=== INSTRUCTIONS TO FOLLOW ===
Using the data below, reproduce exactly the lines from the line with "The third part" to the line with "Just a couple", both included; pictures must be dropped.

=== SUPPLIED DATA ===
***

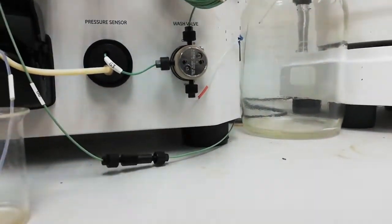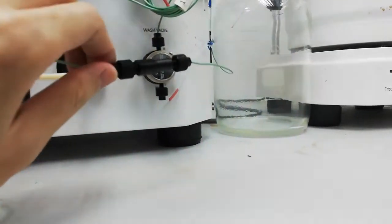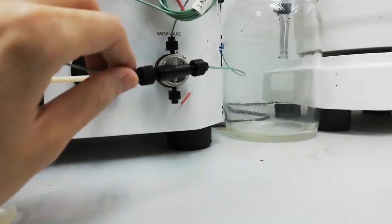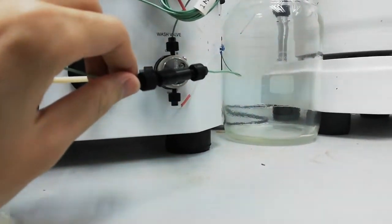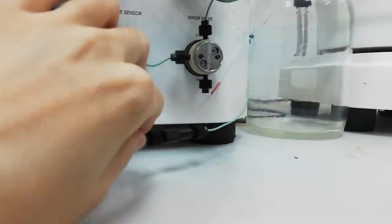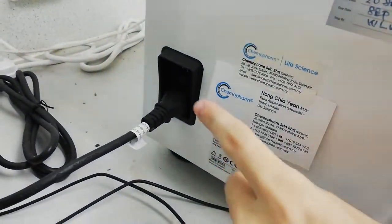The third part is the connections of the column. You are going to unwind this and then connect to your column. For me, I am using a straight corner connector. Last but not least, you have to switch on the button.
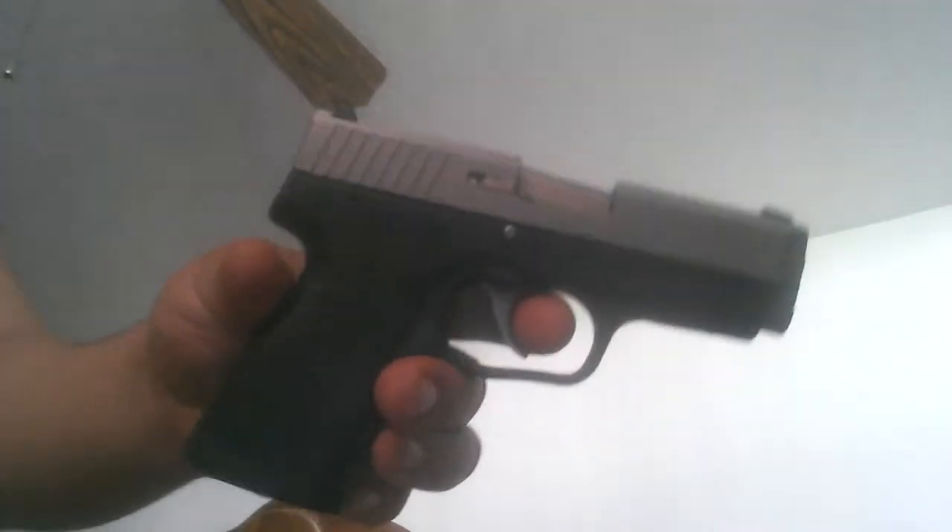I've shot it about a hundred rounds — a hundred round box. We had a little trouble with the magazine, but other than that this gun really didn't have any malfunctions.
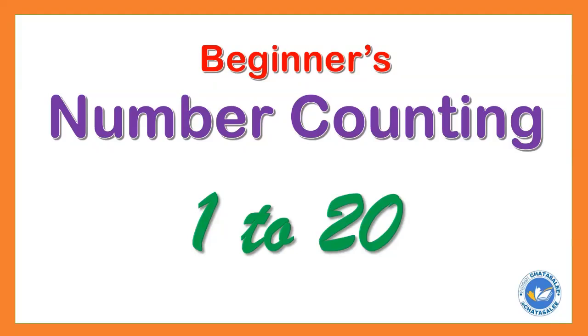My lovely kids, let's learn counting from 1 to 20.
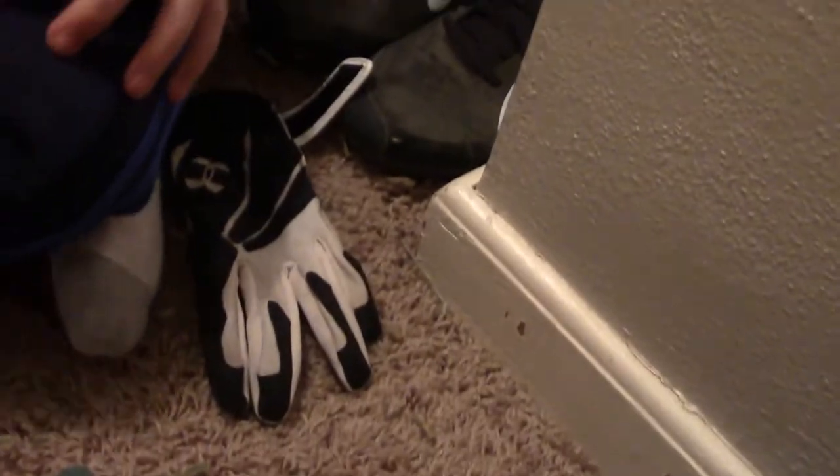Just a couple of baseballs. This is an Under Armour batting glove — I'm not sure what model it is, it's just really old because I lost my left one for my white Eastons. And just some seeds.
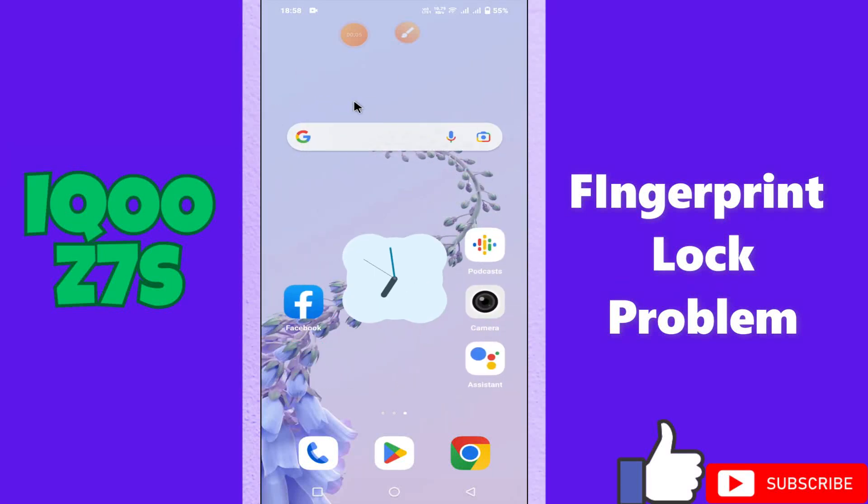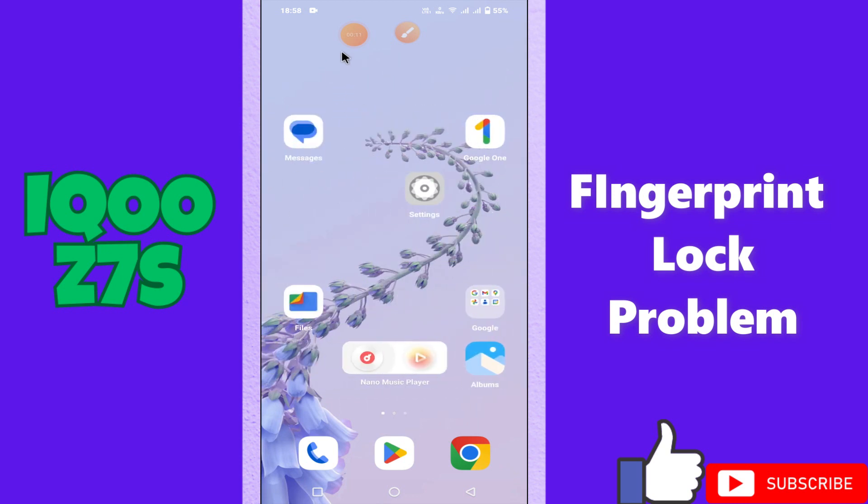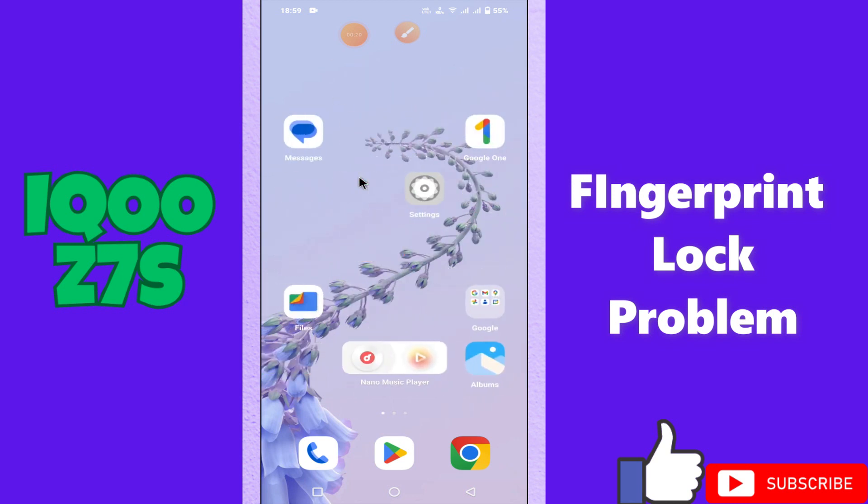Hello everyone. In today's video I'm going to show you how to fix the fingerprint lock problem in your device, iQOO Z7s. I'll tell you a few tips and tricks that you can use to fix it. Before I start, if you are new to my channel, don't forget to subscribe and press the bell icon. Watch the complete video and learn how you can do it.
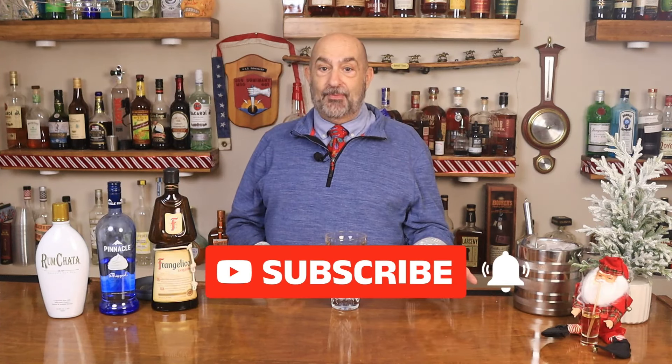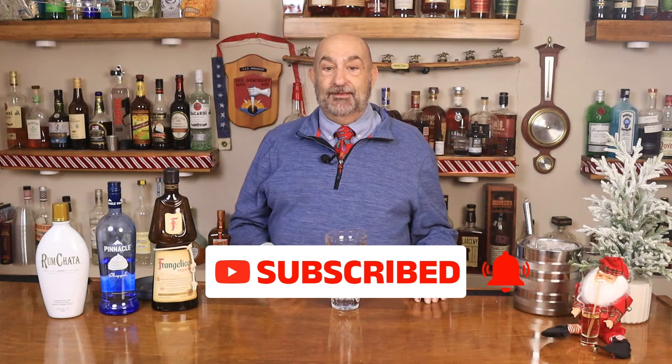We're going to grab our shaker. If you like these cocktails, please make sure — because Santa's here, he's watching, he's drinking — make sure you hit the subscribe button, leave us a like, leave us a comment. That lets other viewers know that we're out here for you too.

***

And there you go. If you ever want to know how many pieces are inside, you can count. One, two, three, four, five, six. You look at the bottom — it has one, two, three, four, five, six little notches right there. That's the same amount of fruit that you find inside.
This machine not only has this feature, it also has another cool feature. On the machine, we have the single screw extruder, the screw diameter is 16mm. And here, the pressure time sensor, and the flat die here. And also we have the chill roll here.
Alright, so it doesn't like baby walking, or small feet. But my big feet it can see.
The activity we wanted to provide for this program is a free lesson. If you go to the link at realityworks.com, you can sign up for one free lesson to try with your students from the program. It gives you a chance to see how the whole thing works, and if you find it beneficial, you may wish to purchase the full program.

***

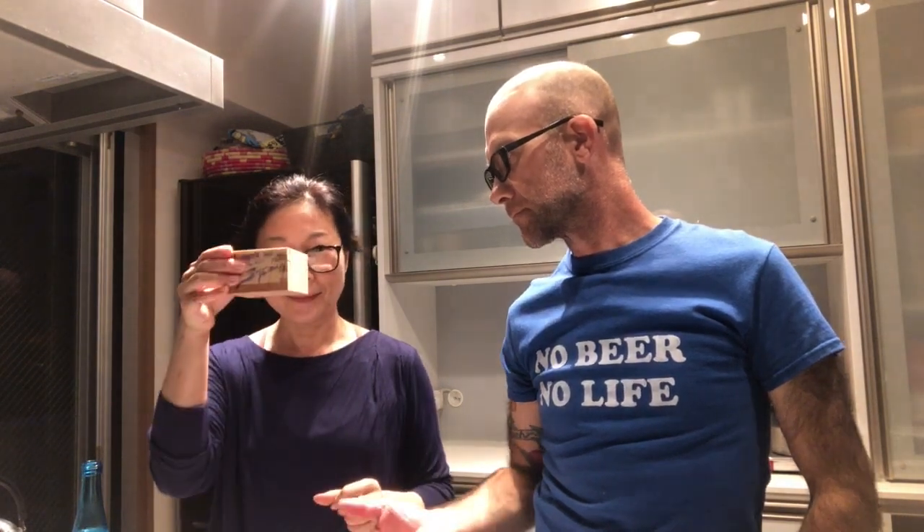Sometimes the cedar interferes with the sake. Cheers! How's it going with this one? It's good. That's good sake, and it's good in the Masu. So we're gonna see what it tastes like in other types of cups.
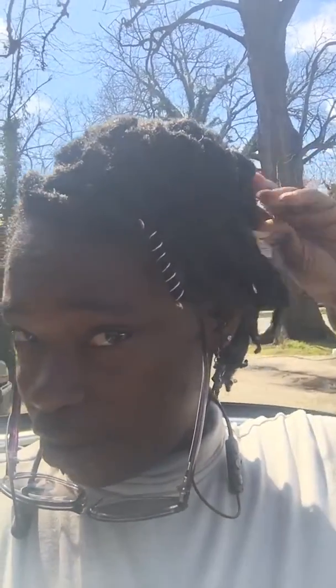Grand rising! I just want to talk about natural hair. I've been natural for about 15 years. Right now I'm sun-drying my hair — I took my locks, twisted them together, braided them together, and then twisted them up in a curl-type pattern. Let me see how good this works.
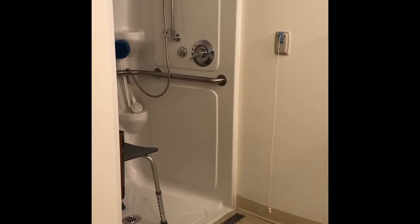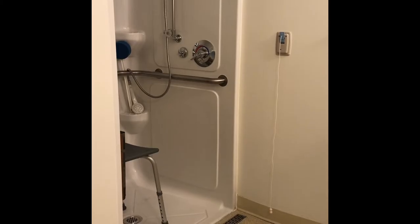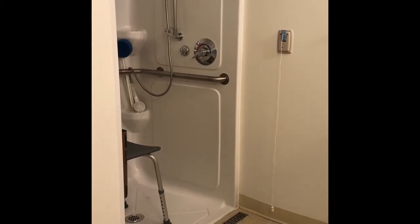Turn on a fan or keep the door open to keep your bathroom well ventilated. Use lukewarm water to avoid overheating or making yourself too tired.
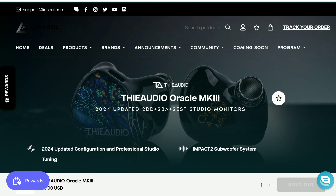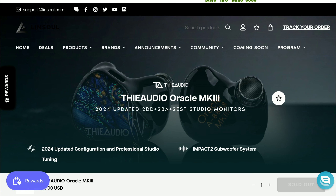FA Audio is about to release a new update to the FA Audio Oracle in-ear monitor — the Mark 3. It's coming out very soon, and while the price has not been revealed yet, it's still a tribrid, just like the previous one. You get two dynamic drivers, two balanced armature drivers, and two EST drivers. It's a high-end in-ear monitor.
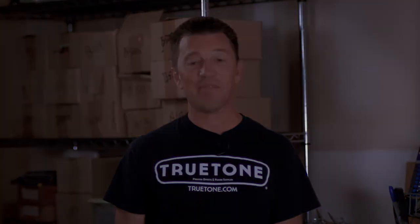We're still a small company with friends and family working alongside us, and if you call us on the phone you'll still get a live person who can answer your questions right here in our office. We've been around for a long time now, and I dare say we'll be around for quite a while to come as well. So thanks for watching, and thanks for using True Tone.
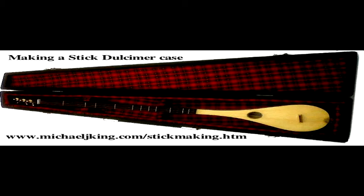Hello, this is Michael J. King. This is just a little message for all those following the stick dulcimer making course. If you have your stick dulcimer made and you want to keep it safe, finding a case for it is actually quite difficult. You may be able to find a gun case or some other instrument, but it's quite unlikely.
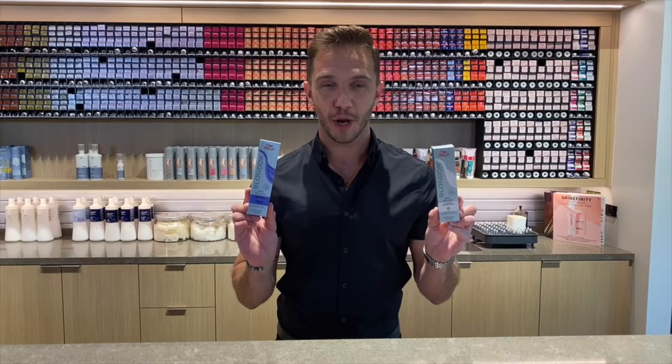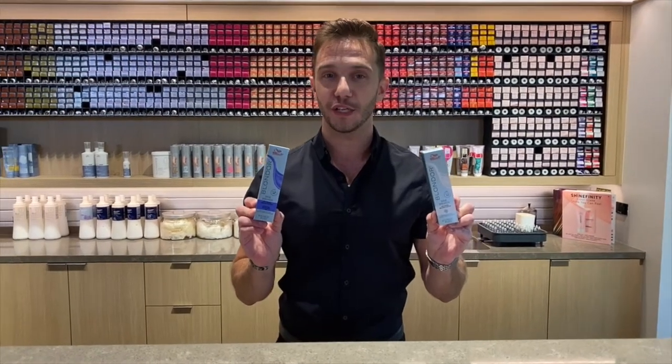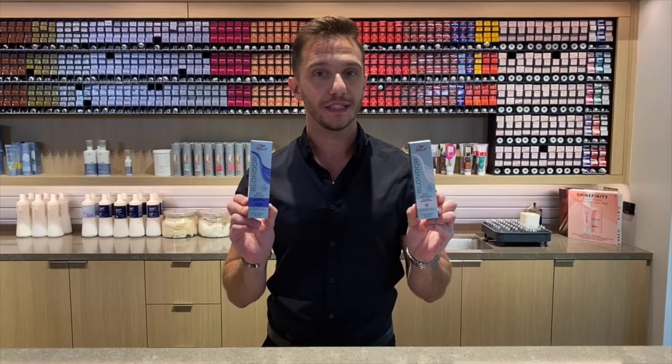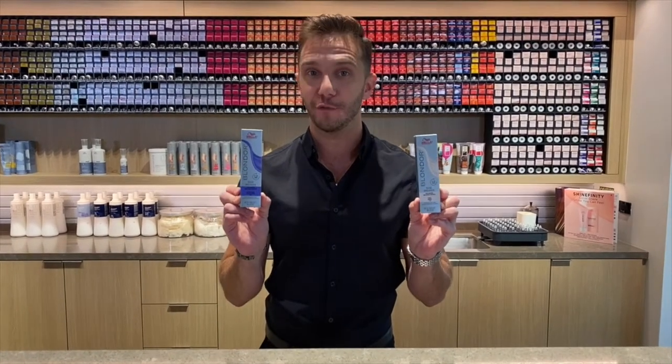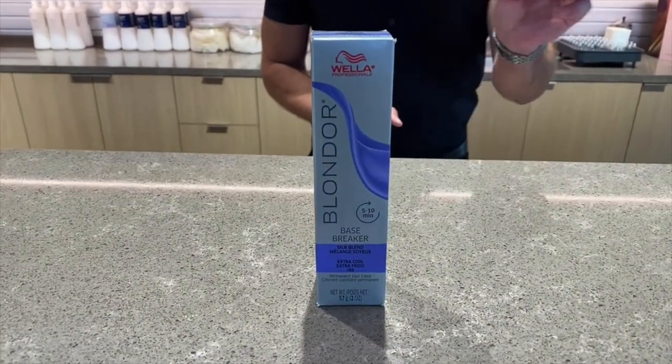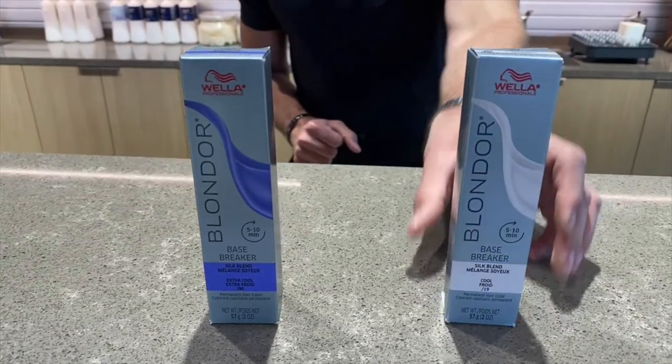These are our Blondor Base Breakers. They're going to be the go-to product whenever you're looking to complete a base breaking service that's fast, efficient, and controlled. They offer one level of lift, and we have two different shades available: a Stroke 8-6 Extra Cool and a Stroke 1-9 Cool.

***

=== TASK RESPONSE ===
The third part is the connections of the column. You are going to unwind this and then connect to your column. For me, I am using a straight corner connector. Last but not least, you have to switch on the button.
I've shot it about a hundred rounds — a hundred round box. We had a little trouble with the magazine, but other than that this gun really didn't have any malfunctions.
My lovely kids, let's learn counting from 1 to 20.
Just a couple of baseballs. This is an Under Armour batting glove — I'm not sure what model it is, it's just really old because I lost my left one for my white Eastons. And just some seeds.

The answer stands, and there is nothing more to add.